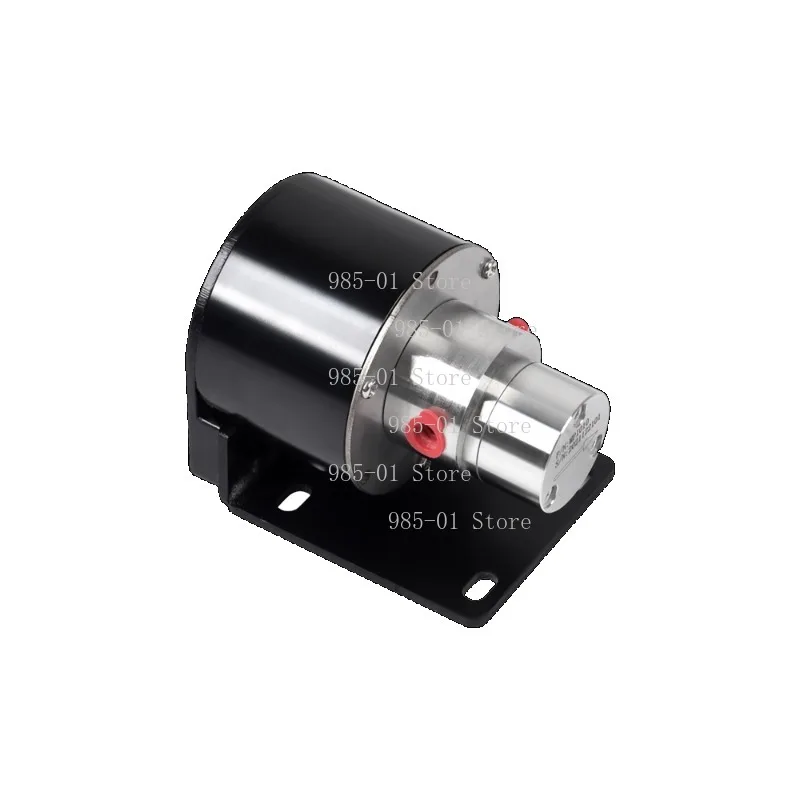 Stainless Steel Micro Metering Pump, Self-Priming Magnetic Drive Gear Pump for Printing, Diesel, Coffee Machine & Inkjet Printer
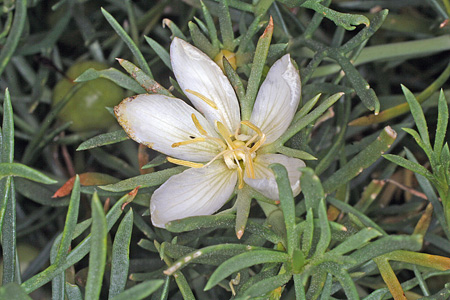 Single African-rue flower with leaves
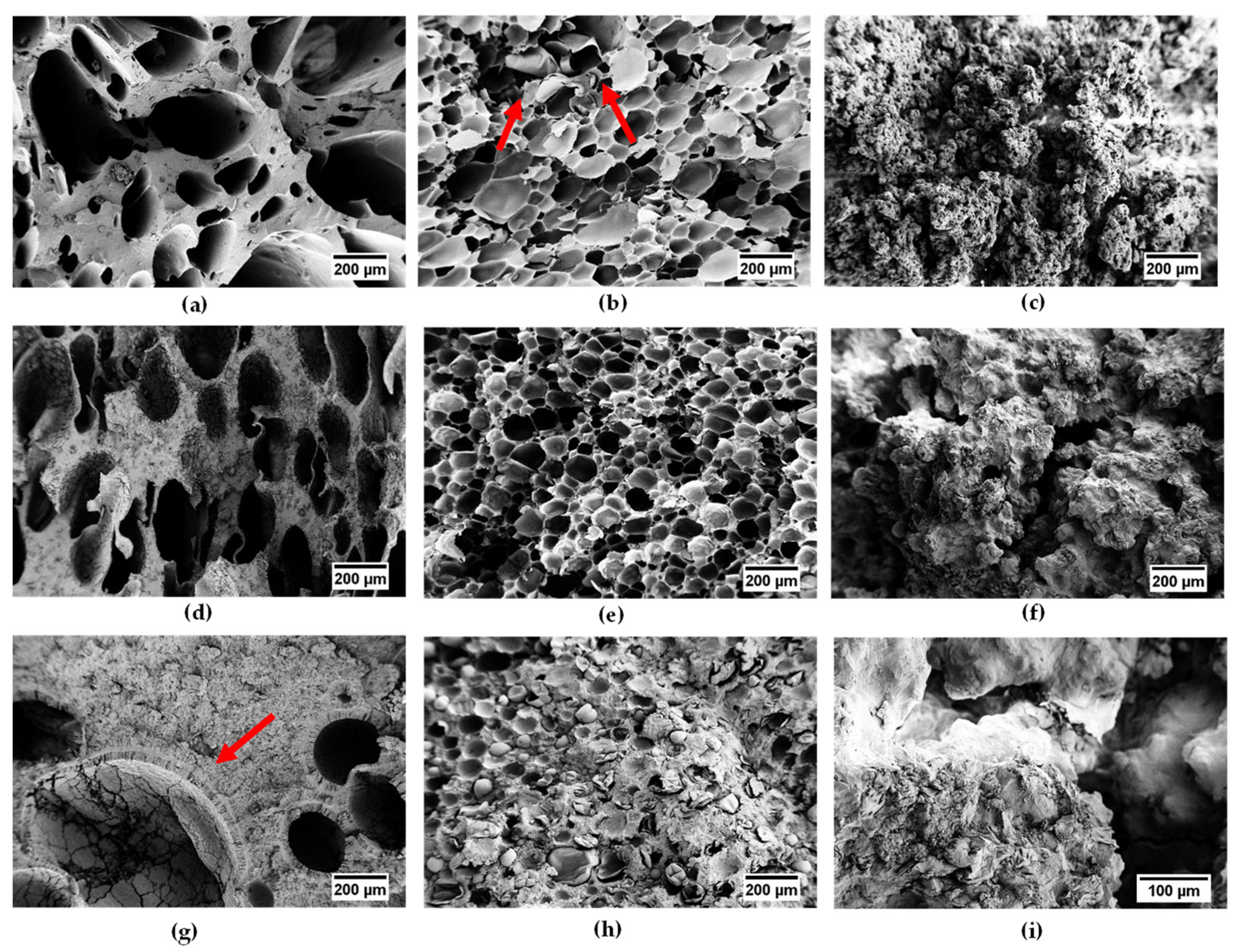 Polymers 14 04058 g001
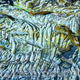 untitled-- | | | Acrylic untitled--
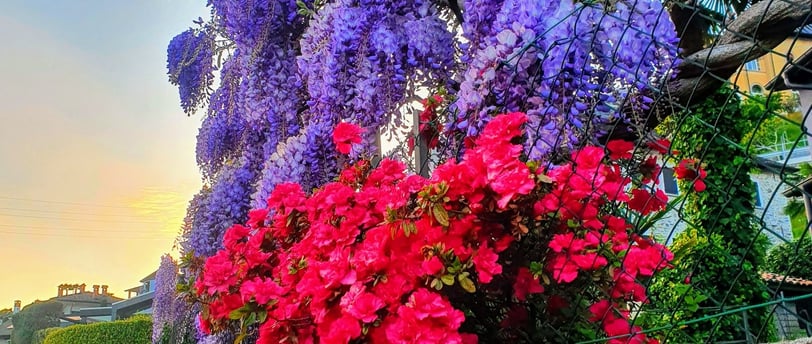 a bunch of flowers in a stone wall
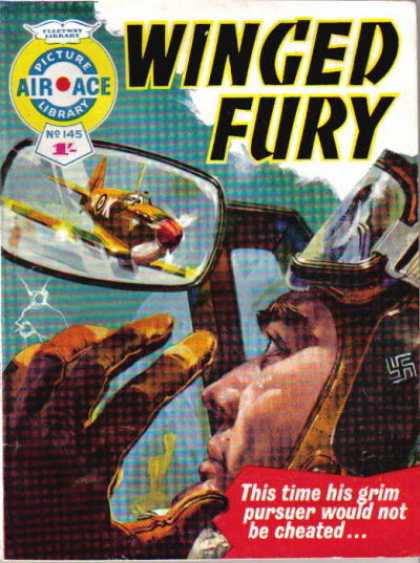 Air Ace Picture Library 145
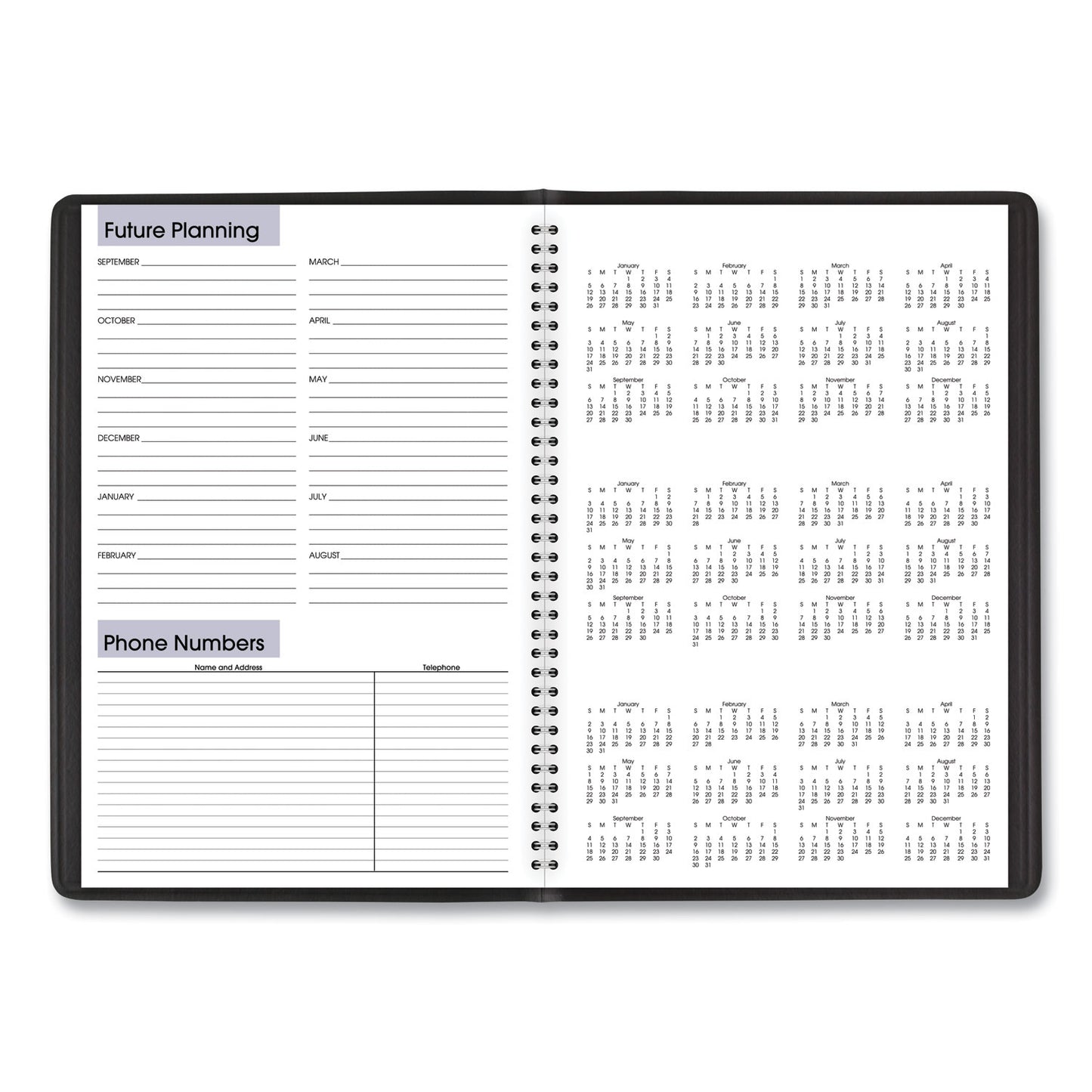 AT-A-GLANCE DayMinder Monthly Planner, Academic Year, Ruled Blocks, 12 x 8, Black Cover, 14-Month (July to Aug): 2024 to 2025 (AY200)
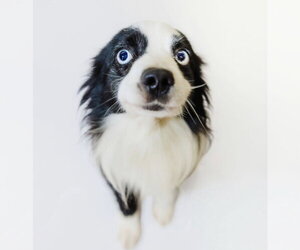 Australian Shepherd Dogs for adoption in York, SC, USA
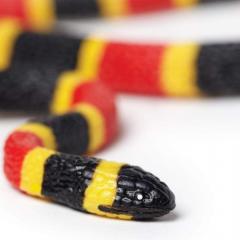 Figurina - Coral Snake Baby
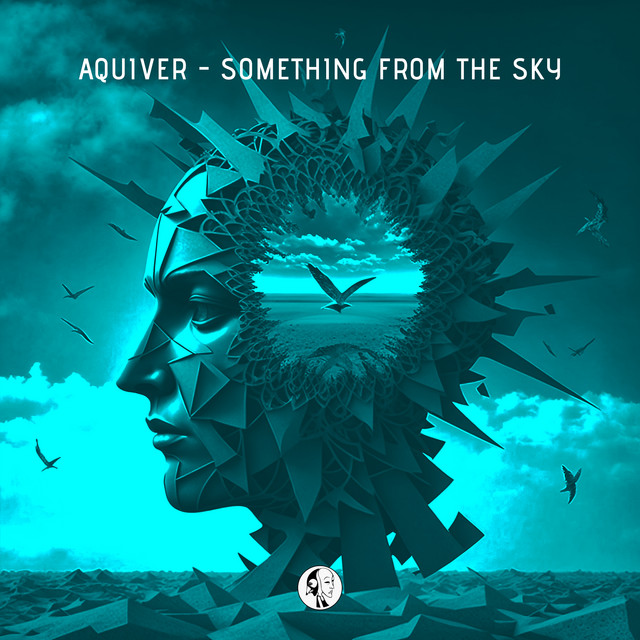 Something From The Sky album art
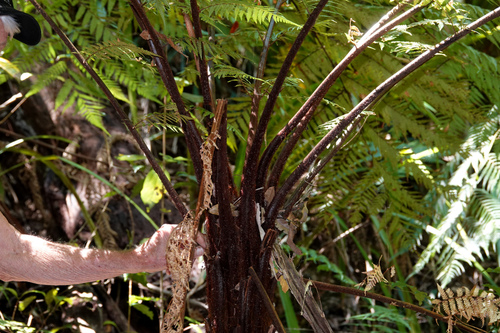 Dicksonia youngiae observed 2021-10-03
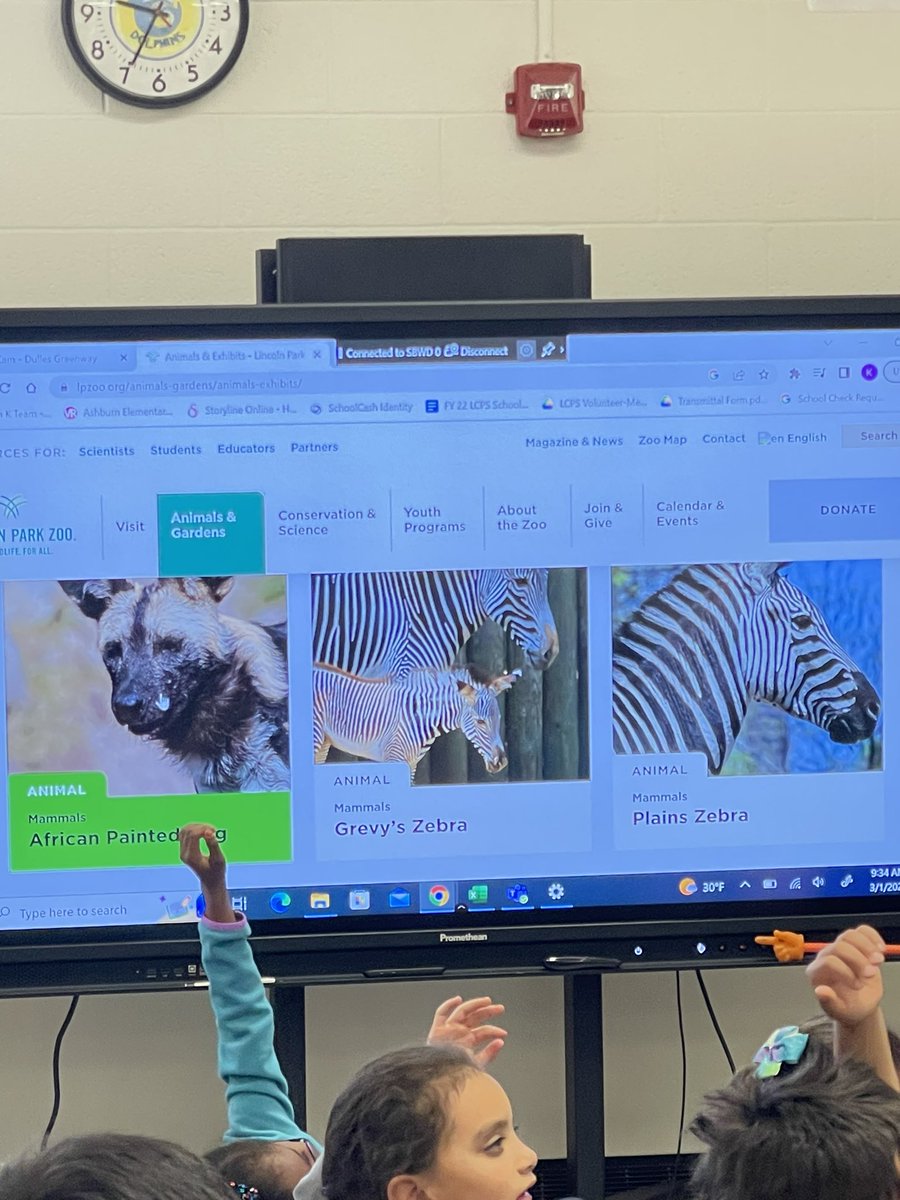 Career Day 2023 is underway!  Students are getting to learn about so many different careers!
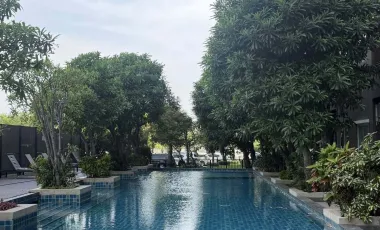 The Parkland Lite Sukhumvit - Paknam : for sell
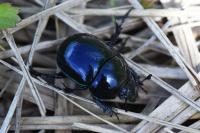 Trypocopris pyrenaeus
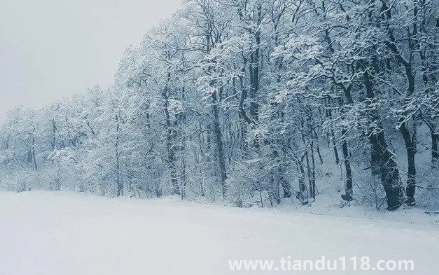 今年元旦北京會下雪嗎2023(元旦去北京穿什么合適)(圖1) 今年元旦北京會下雪嗎20231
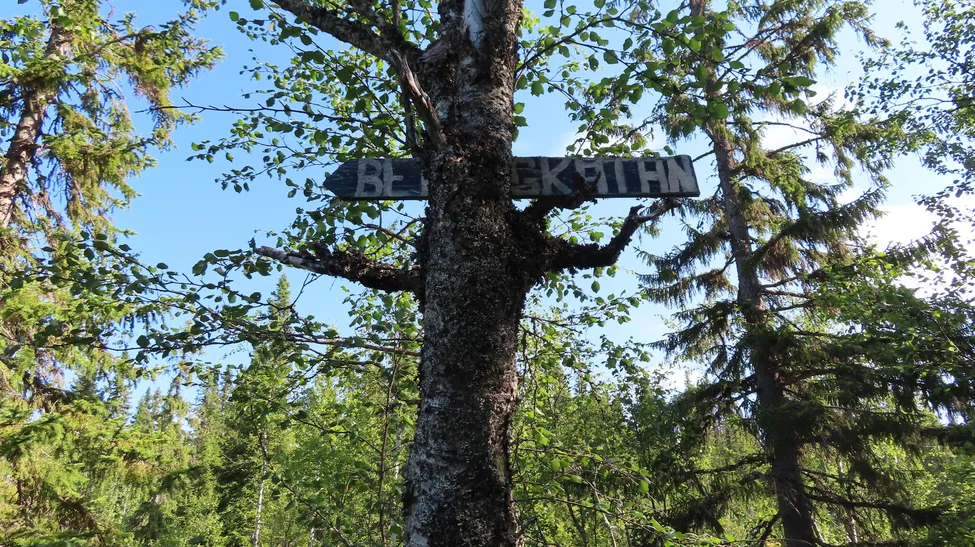 Klicka för att förstora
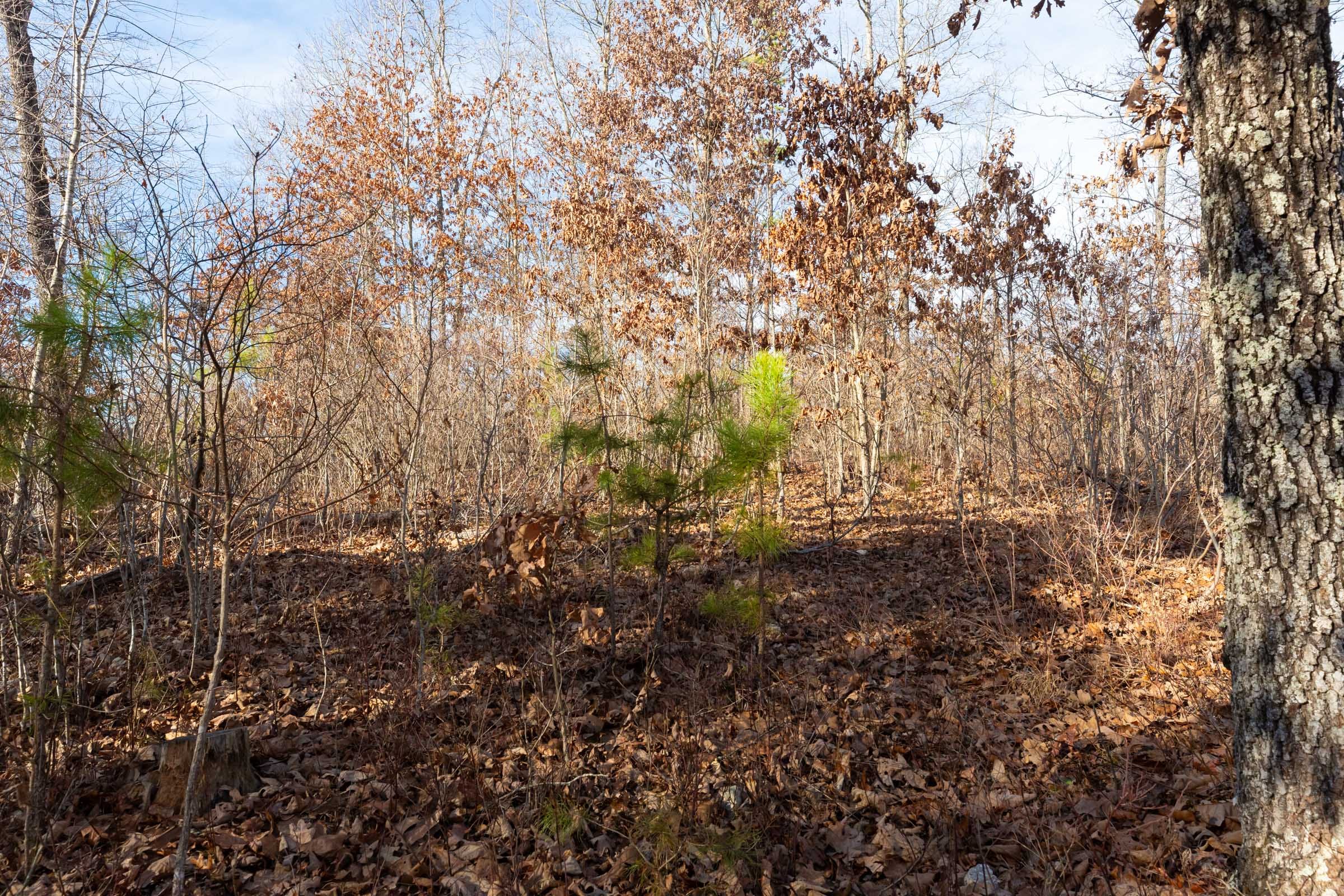 Windy Ridge Tract 8 photo 7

== AIM OF THE EXERCISE ==
Leaving all pictures out, output exactly the lines of the material above from the line with "Polymers 14 04058 g001" to the line with "AT-A-GLANCE DayMinder Monthly", both included.

== EXERCISE ANSWER ==
 Polymers 14 04058 g001
 untitled-- | | | Acrylic untitled--
 a bunch of flowers in a stone wall
 Air Ace Picture Library 145
 AT-A-GLANCE DayMinder Monthly Planner, Academic Year, Ruled Blocks, 12 x 8, Black Cover, 14-Month (July to Aug): 2024 to 2025 (AY200)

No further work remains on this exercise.